Cases such as the Beijing factory raided last month for selling used bamboo chopsticks that had not been disinfected demonstrate that mainland consumers face far greater risks to their health from dodgy goods than people overseas. Twenty-million-plus toys may have been recalled recently from around the world but, according to the General Administration for Quality Supervision, Inspection and Quarantine, 20 per cent of the toys made for the local market are unsafe. At least 10,000 children are injured every year on the mainland by dangerous toys.
But if members of the public are happy to give voice to their concerns in anonymous surveys, then they seem less keen on protesting to the companies that flood shops with shoddy or defective goods. This week, the deputy secretary-general of the mainland's consumers' association noted the reluctance of mainland consumers to complain about substandard products.
In part that's because there's little incentive for them to make complaints. The mainland's law on consumer protection hasn't been updated since 1993. It's just 14 pages long, and worded so vaguely that it's difficult to hold a company liable.

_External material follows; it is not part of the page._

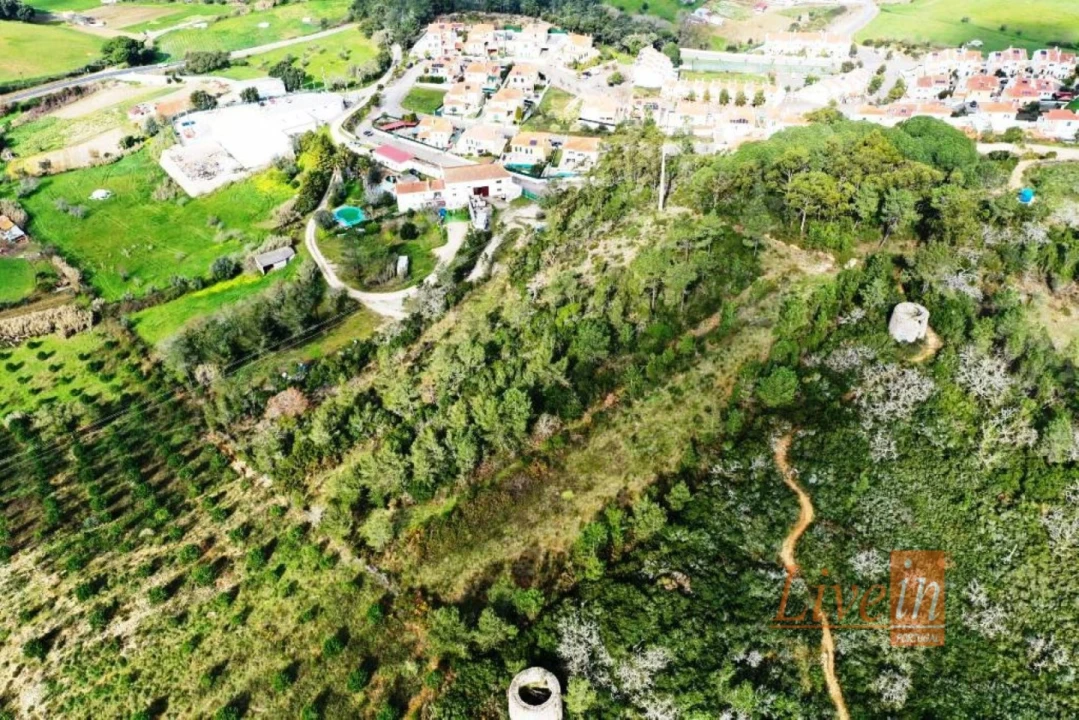 Quinta T10 para Venda em Venda do Pinheiro e Santo Estêvão das Galés Foto 14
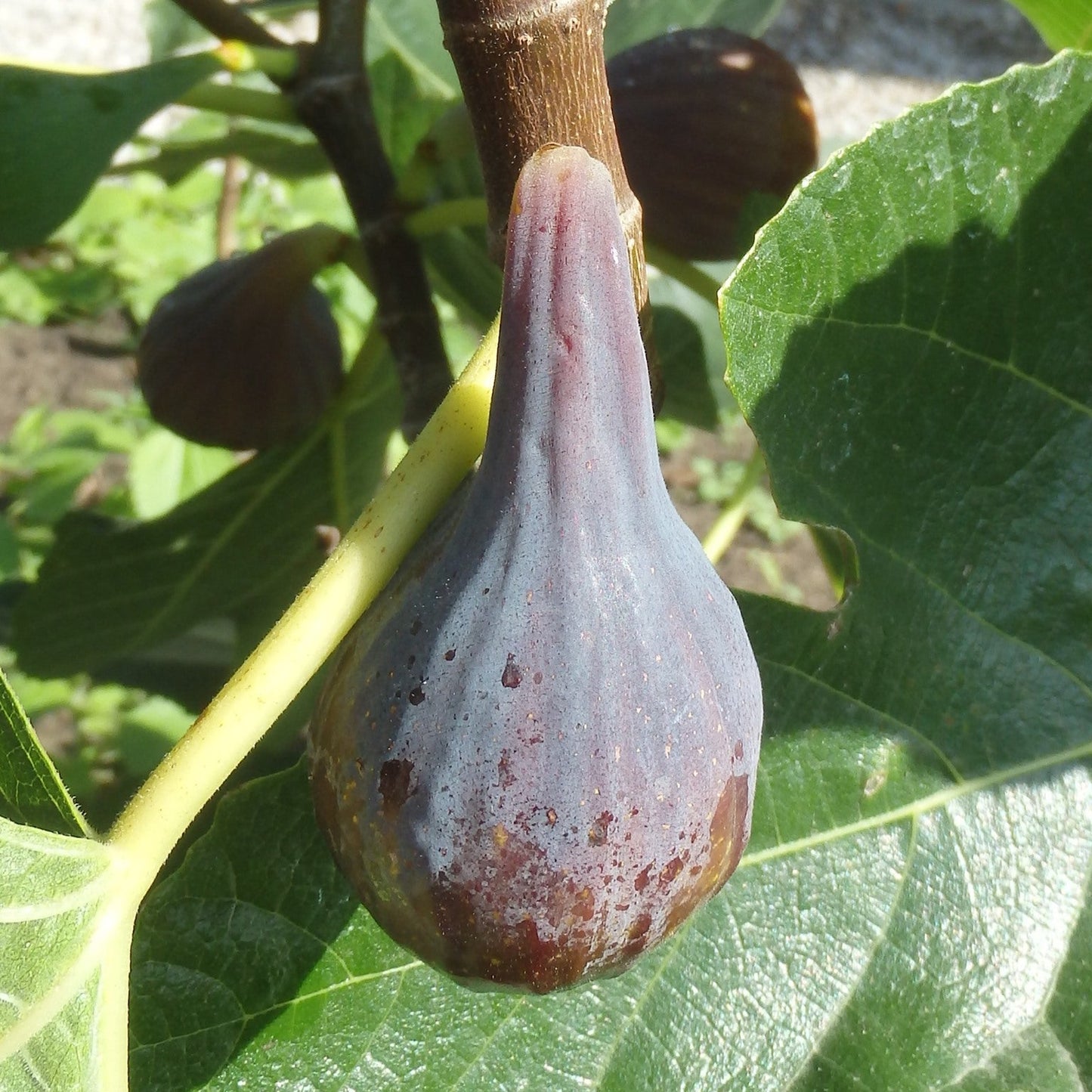 Celeste Fig Fruit Plant (Ficus carica 'Celeste")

A few advocates do champion consumer rights, but many people aren't even aware that the China Consumers' Association exists. Much of the fault for that lies with the media but, given the restrictions they operate under, it's hard to blame them. The fallout from the recent bogus report on cardboard-filled steamed buns in Beijing has put a further chill on editors thinking of running stories on food and product safety.
It is, though, the perfect story for China's 162 million netizens to pick up on. Their failure to do so is both disappointing and puzzling. After all, it's not as if they don't like complaining or launching online campaigns. Last week, millions of them were involved in the latest debate on the subject of whether mainland women are attracted to foreign men because of their qualities, or because they offer a potential passport to a better life.
The debate was sparked by an American man who'd posted on the Web photos of some of his conquests, one of whom was the personal assistant to the chairman of Electrolux in China. That prompted countless xenophobic rants from netizens. How much better it would be if they channelled all that rage into standing up for the rights of mainland consumers.